##### SUPPLIED ENTRIES #####
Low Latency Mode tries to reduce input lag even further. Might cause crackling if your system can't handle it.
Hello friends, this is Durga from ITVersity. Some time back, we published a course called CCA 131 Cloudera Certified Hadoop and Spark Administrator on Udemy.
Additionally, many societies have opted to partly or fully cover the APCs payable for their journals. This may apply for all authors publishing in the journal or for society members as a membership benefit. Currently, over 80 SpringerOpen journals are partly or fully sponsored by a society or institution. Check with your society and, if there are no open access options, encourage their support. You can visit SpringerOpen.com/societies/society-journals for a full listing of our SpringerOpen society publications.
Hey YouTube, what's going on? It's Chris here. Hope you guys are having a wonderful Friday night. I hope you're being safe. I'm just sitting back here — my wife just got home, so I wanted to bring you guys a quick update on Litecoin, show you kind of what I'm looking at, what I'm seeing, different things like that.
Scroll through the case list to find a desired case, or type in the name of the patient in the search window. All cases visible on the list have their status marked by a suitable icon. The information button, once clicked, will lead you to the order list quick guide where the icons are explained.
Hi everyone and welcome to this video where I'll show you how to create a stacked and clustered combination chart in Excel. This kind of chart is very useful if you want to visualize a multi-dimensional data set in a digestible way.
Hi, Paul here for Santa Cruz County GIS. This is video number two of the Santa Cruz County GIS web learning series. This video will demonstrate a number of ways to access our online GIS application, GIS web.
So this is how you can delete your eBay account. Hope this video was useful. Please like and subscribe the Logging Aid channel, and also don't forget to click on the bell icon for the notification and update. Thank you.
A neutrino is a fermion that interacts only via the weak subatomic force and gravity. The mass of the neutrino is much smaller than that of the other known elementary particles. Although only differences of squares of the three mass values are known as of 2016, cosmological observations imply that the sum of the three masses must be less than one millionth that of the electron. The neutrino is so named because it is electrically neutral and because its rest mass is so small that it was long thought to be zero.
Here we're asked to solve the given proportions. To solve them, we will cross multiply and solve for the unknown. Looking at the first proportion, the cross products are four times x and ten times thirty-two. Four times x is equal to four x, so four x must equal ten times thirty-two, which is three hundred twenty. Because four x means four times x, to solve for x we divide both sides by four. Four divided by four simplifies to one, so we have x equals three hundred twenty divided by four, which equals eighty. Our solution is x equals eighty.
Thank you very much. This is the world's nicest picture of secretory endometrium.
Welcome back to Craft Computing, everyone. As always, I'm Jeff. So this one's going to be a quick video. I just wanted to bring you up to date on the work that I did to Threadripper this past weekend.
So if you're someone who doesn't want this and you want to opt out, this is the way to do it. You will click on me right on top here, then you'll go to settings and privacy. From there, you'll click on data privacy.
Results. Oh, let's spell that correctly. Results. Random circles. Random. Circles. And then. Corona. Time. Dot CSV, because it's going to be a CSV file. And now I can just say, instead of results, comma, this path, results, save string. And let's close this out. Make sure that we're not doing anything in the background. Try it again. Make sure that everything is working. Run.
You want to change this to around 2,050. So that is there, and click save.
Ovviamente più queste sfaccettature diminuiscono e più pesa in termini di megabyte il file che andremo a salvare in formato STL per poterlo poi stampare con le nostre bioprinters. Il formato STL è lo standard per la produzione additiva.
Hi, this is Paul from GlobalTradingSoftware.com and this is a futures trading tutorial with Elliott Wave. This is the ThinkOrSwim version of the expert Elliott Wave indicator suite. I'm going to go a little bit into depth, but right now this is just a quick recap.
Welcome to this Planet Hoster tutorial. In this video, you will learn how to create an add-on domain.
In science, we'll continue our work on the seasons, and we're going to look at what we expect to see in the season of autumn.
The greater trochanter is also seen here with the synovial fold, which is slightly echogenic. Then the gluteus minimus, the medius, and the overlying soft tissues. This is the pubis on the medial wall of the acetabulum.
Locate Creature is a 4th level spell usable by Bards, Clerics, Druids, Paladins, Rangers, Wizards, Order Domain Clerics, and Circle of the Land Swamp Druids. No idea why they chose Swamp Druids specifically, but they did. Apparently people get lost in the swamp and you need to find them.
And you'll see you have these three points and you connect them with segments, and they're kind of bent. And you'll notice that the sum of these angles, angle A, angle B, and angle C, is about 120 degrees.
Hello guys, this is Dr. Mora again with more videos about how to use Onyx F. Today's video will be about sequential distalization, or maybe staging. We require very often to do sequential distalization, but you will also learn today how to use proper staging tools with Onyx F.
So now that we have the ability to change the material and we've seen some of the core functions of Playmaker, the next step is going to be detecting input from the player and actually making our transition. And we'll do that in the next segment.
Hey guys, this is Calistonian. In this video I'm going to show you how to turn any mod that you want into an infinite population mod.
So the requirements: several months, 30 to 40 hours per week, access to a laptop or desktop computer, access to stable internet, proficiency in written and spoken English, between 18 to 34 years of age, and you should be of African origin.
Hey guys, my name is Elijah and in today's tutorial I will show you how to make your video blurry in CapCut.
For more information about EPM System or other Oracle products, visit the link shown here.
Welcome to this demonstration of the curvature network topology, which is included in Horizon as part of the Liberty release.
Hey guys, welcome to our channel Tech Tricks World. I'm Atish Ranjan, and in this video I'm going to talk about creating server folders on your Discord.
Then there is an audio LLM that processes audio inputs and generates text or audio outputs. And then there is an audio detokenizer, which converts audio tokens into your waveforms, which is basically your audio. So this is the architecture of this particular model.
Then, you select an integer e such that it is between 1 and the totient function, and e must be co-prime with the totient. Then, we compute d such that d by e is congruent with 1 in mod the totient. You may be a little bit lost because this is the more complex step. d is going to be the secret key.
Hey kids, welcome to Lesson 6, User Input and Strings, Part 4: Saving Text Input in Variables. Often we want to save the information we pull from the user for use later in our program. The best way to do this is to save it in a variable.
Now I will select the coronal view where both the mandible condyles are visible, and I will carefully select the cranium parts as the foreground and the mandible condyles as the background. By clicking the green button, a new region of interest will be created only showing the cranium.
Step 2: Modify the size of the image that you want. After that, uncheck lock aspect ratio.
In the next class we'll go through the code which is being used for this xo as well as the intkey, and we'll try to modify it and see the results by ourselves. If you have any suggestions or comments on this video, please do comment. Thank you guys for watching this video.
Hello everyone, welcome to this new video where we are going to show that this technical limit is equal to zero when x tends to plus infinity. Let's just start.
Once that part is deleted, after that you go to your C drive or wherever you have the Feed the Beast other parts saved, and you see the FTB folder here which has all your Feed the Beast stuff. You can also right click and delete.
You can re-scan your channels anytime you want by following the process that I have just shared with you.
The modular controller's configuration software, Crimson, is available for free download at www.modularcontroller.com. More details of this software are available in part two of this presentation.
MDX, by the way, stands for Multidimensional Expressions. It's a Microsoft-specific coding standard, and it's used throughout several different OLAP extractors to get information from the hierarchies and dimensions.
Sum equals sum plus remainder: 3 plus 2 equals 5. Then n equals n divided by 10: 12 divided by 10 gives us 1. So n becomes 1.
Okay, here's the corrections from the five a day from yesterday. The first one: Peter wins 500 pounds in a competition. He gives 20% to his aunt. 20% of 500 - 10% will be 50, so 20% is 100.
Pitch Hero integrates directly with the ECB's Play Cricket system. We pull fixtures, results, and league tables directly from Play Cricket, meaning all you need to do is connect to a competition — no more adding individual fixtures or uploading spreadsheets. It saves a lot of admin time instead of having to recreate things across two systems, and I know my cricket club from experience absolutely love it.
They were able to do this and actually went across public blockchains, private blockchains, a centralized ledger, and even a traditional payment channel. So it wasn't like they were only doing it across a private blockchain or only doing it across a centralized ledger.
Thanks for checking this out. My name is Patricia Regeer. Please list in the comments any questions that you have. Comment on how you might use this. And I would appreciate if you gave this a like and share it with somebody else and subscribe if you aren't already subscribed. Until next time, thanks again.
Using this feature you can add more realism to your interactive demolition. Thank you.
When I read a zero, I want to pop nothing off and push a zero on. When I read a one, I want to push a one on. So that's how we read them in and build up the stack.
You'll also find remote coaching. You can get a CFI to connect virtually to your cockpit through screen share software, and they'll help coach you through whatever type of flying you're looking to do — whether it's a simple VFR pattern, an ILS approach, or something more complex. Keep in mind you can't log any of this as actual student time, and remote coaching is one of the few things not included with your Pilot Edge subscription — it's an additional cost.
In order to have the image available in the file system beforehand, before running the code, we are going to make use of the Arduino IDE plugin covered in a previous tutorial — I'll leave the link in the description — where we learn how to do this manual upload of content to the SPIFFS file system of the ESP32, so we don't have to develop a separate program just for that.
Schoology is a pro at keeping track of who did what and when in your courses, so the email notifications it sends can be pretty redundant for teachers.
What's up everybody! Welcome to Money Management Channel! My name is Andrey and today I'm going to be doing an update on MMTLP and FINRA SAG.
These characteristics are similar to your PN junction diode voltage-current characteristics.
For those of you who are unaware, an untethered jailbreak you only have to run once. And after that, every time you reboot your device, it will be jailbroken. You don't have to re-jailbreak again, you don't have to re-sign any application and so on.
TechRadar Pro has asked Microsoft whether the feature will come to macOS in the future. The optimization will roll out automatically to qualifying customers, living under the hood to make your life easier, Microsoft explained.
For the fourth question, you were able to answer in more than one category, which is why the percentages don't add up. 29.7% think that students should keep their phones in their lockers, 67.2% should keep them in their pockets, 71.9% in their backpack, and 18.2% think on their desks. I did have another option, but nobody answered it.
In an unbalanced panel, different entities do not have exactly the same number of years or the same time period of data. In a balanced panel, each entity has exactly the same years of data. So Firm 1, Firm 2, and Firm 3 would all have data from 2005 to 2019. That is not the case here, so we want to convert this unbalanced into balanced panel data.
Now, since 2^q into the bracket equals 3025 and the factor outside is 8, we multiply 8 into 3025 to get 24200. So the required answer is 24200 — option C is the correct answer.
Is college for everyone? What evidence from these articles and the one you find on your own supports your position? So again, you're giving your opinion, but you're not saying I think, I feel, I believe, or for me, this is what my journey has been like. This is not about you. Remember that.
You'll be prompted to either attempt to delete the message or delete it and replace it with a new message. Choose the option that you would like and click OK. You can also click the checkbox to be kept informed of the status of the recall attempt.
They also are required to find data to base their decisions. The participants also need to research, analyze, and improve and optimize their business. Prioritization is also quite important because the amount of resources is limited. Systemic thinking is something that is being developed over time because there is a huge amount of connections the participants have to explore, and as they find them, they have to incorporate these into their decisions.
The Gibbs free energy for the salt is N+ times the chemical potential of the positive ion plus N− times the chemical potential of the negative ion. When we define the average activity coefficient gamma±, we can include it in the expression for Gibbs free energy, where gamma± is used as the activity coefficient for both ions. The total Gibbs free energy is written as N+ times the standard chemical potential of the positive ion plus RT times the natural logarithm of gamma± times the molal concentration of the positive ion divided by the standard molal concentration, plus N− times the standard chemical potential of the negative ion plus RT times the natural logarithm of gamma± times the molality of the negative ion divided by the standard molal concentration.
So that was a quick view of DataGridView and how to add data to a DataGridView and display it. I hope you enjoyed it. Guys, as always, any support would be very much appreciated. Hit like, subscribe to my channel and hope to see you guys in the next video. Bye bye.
#####
## THE PROBLEM
Using the records above, pull out each line where the word "lost" occurs.

## RESULT
Locate Creature is a 4th level spell usable by Bards, Clerics, Druids, Paladins, Rangers, Wizards, Order Domain Clerics, and Circle of the Land Swamp Druids. No idea why they chose Swamp Druids specifically, but they did. Apparently people get lost in the swamp and you need to find them.
Then, you select an integer e such that it is between 1 and the totient function, and e must be co-prime with the totient. Then, we compute d such that d by e is congruent with 1 in mod the totient. You may be a little bit lost because this is the more complex step. d is going to be the secret key.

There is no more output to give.